Est-ce donc un drame médiocre ? Je ne dis pas cela ; mais une tragédie au-dessous du médiocre, assurément. À tout coup la formule classique y est faussée. C’est le développement hasardeux (comme dans Christine) de toutes les aubaines de l’imagination : descriptions, dissertations, parabases, morceaux de couleur ou de déclamation. Le comte fait la leçon à son roi, et lui reproche « la sueur du peuple »[1]. Il dit, il dit aussi, il dit encore ; il n’en finit pas de dire[2]. Ruy Blas n’a qu’à bien se tenir, s’il veut dire mieux et plus longuement.

Mais si, au lieu de comparer Dumas à Corneille, je m’avise de songer à la Pucelle d’Orléans de Schiller, alors son œuvre me paraît vivante, scénique, historique ; alors toutes les scènes, même les leçons d’histoire, même l’érudition de fraîche date, sont l’action même ou subordonnées à l’action. La crise est plus forte que le système. Dumas rattrape son talent. Il redevient lui-même ; il s’empare du public, et le porte à la force des bras.

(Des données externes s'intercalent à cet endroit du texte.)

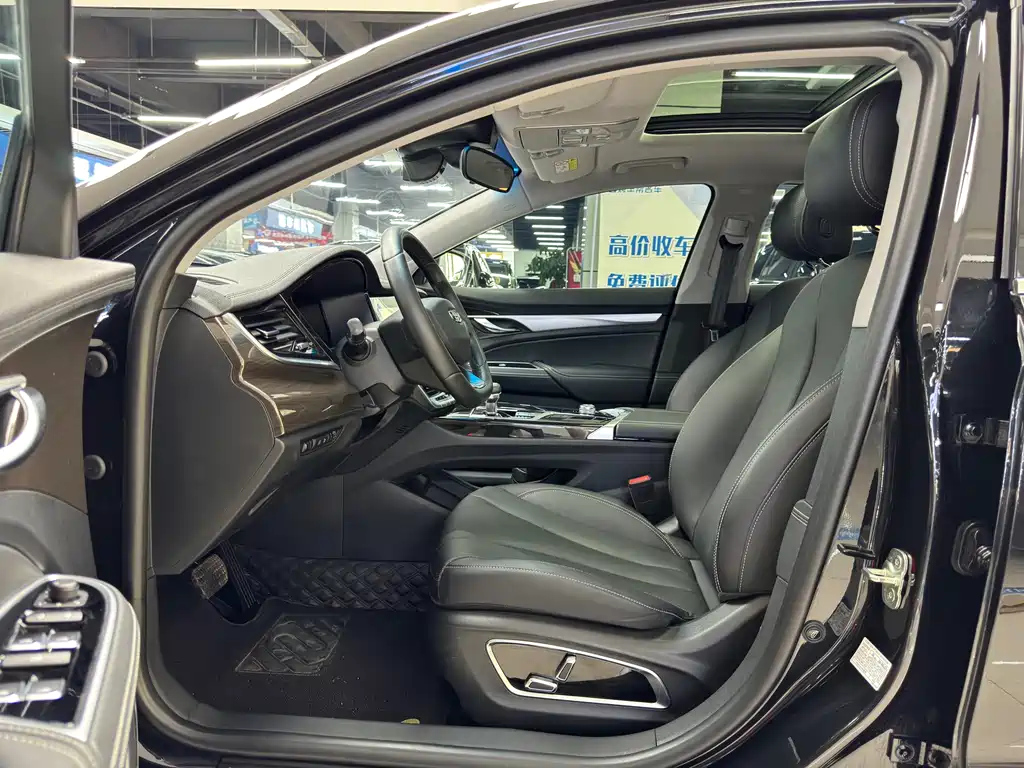 GEELY AUTO BORUI 2022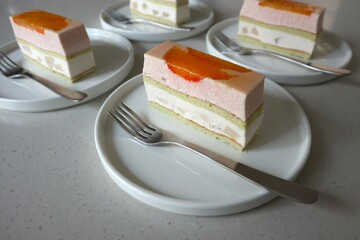 블러드오렌지가 얹어진 무스케이크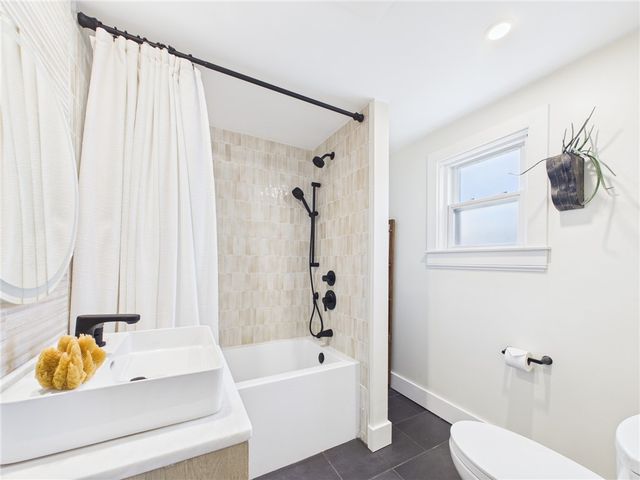 28 Myrtle Avenue, Warwick, RI 02886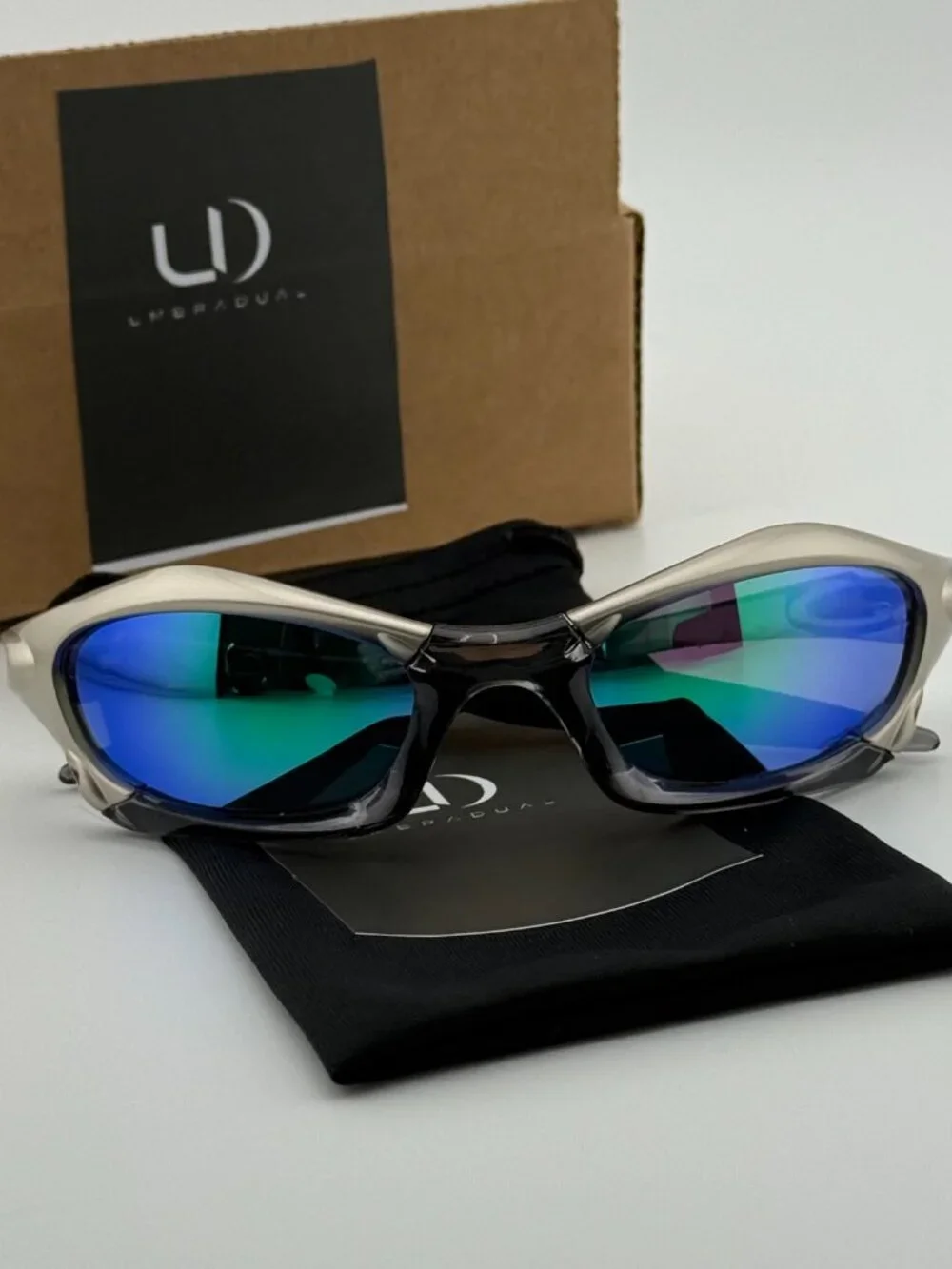 UmbraDual Nova Metal Frame Sunglasses Silver Green Mirror Polarized Lenses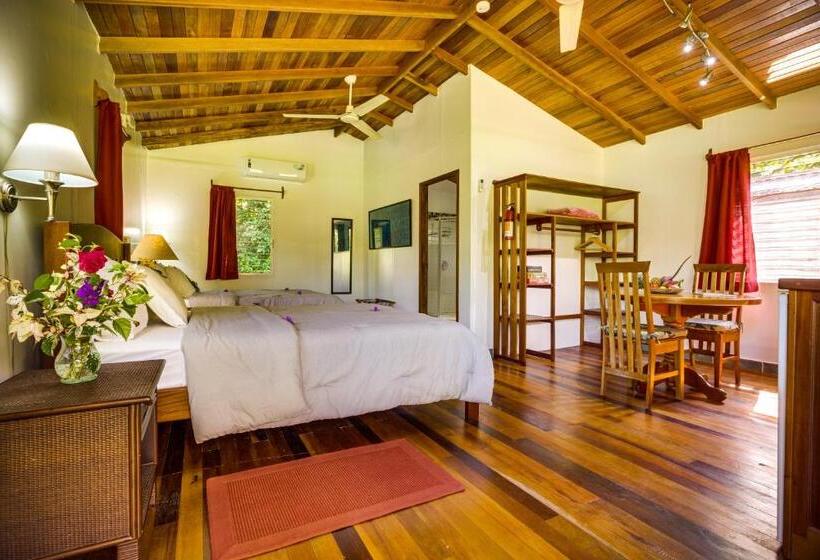 אתר נופש Tanager Rainforest Lodge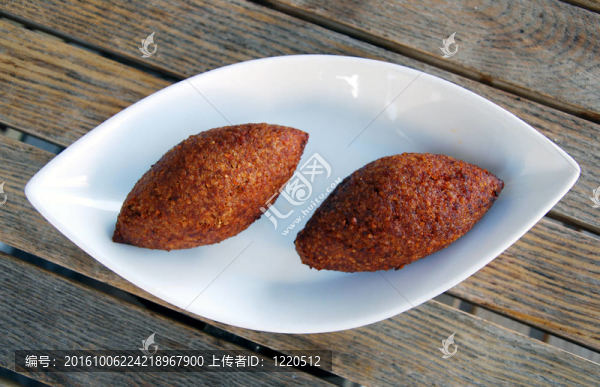 兩個土耳其ICLI,koefte肉丸一盤特寫
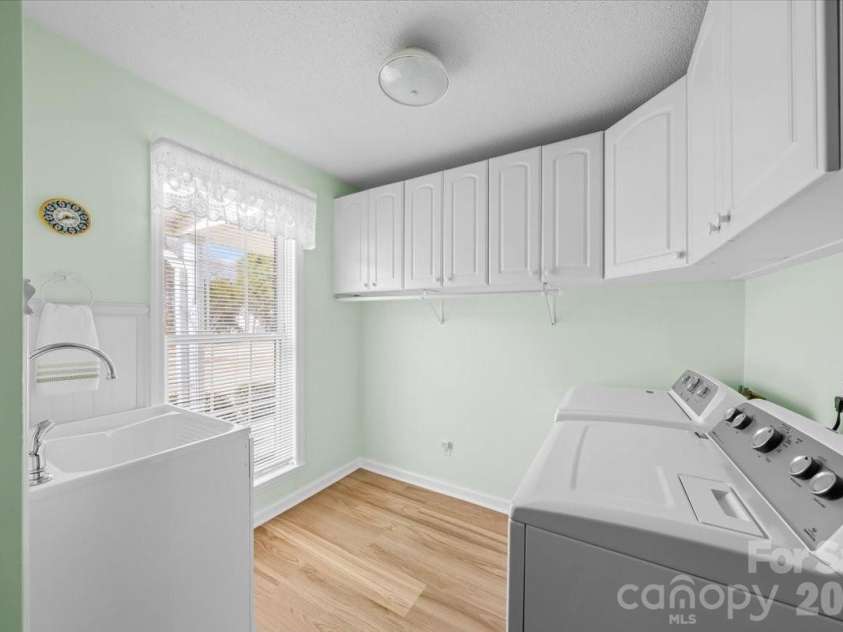 16601 Jefferson Place, Fort Mill, SC 29708.  MLS# CAR4351321, YatesRealty ID 4972. Laundry Room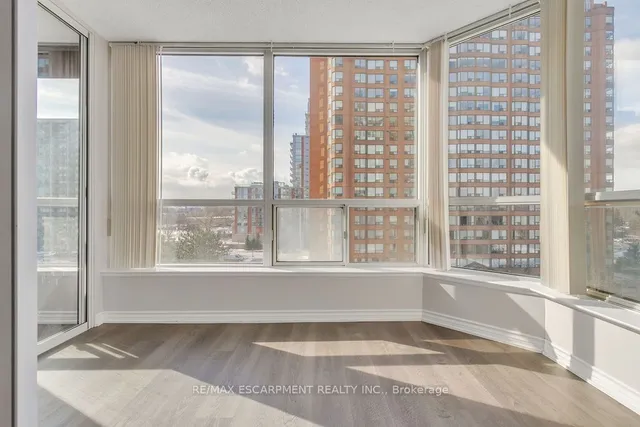 Additional property image - 1276 Maple Crossing Blvd Unit 607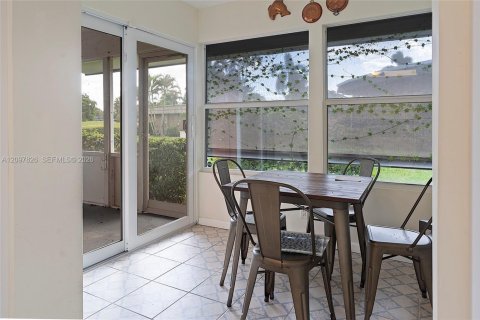 House in Tamarac, Florida 4 bedrooms, 190.73 sq.m. № 2392282 - photo 23
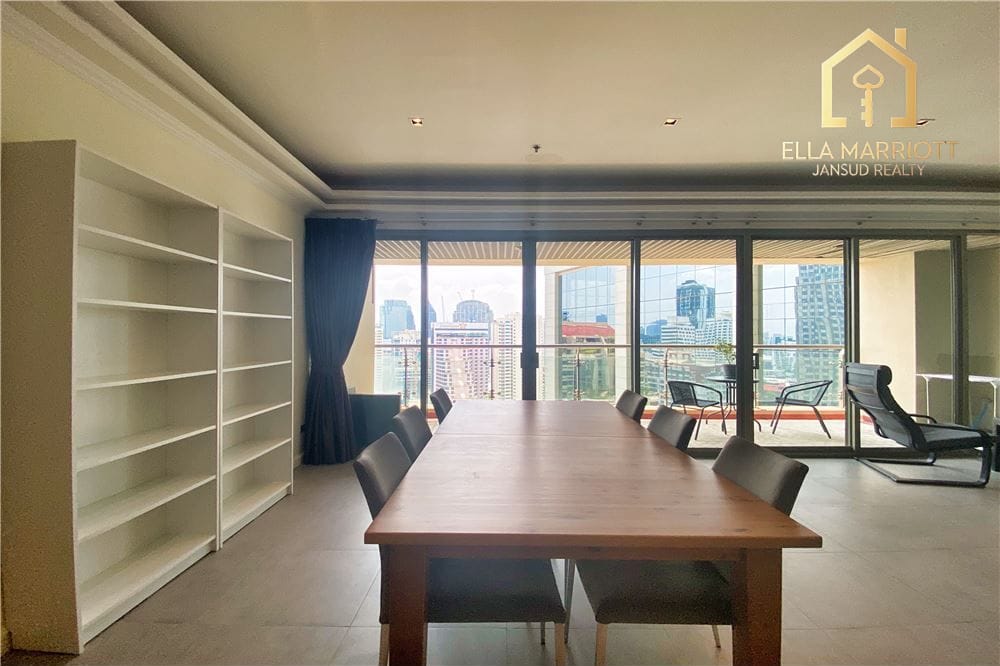 Renovierte 2 SZ, 2 Bäder Eigentumswohnung zur Miete in Asoke - 176 m² | Haustierfreundlich | 90.000 THB | 5 Min. zur BTS Asok 4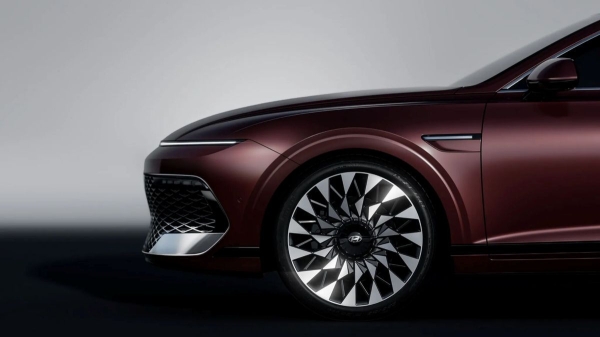 Обновленный Hyundai Grandeur обрел иную внешность и новый салон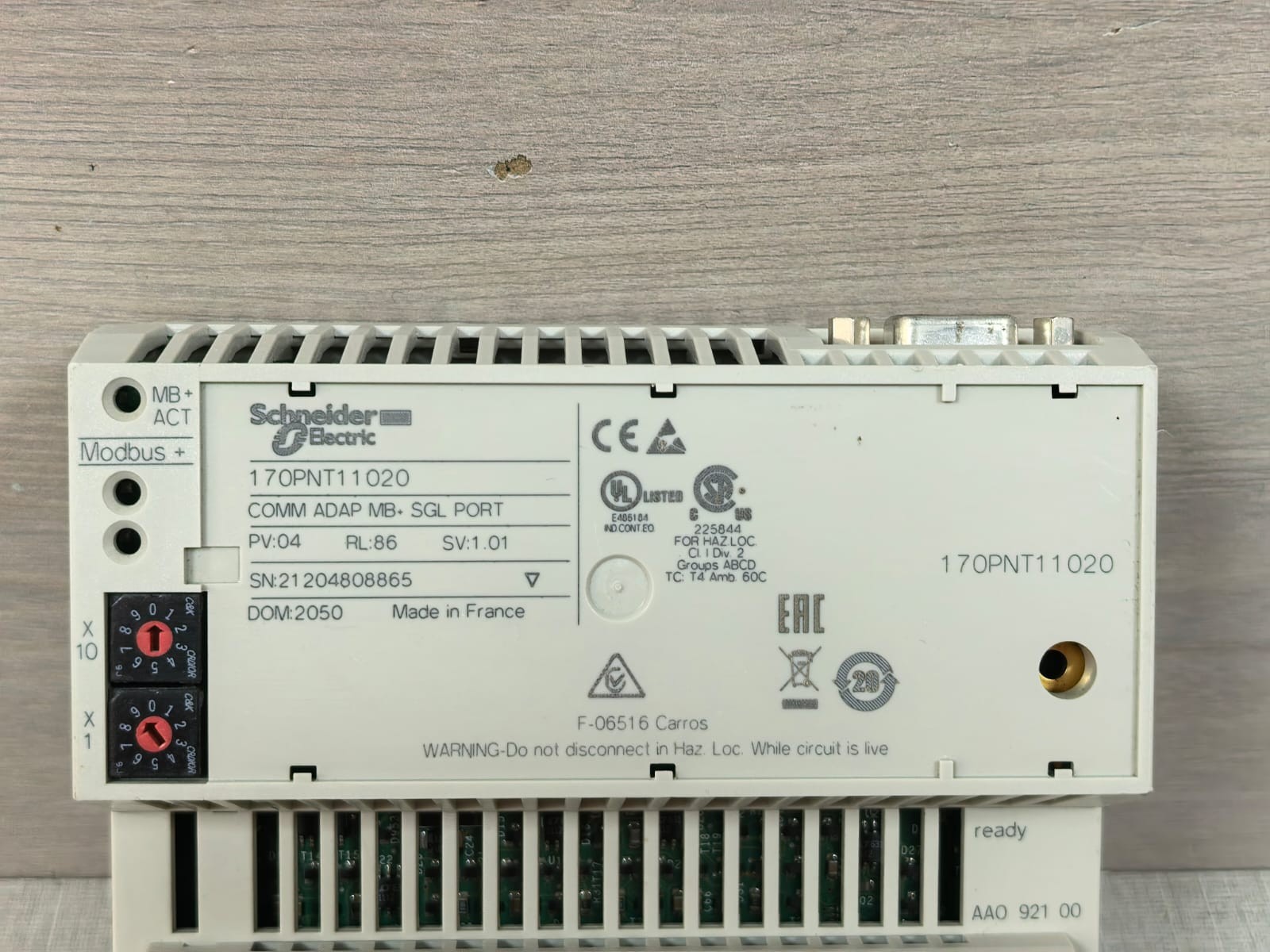 Schneider Electric 170PNT11020 PV:04 SCHNEIDER ELECTIRC 170PNT11020 TSX Momentum Comm Adapter w/Base 170AAO92100 PV04 2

Il peint à larges traits le départ de la chasse ; la scène de bravoure est enlevée allègrement :

Montjoie et Saint-Denis ! Charles à la rescousse[3] !


À la fin de l’acte IV, il tend tous les ressorts de la machine.

Où vous retrouverai-je ? — Ici, ce soir. — Ce soir[4] !


Il exécute, haut la main, la presque unique scène de

  1. Charles VII, III, sc. iv, p. 280.
  2. Charles VII, pp. 280 et 281.
  3. Charles VII, IV, sc. iv, p. 292.
  4. Charles VII, IV, sc. vi, p. 301.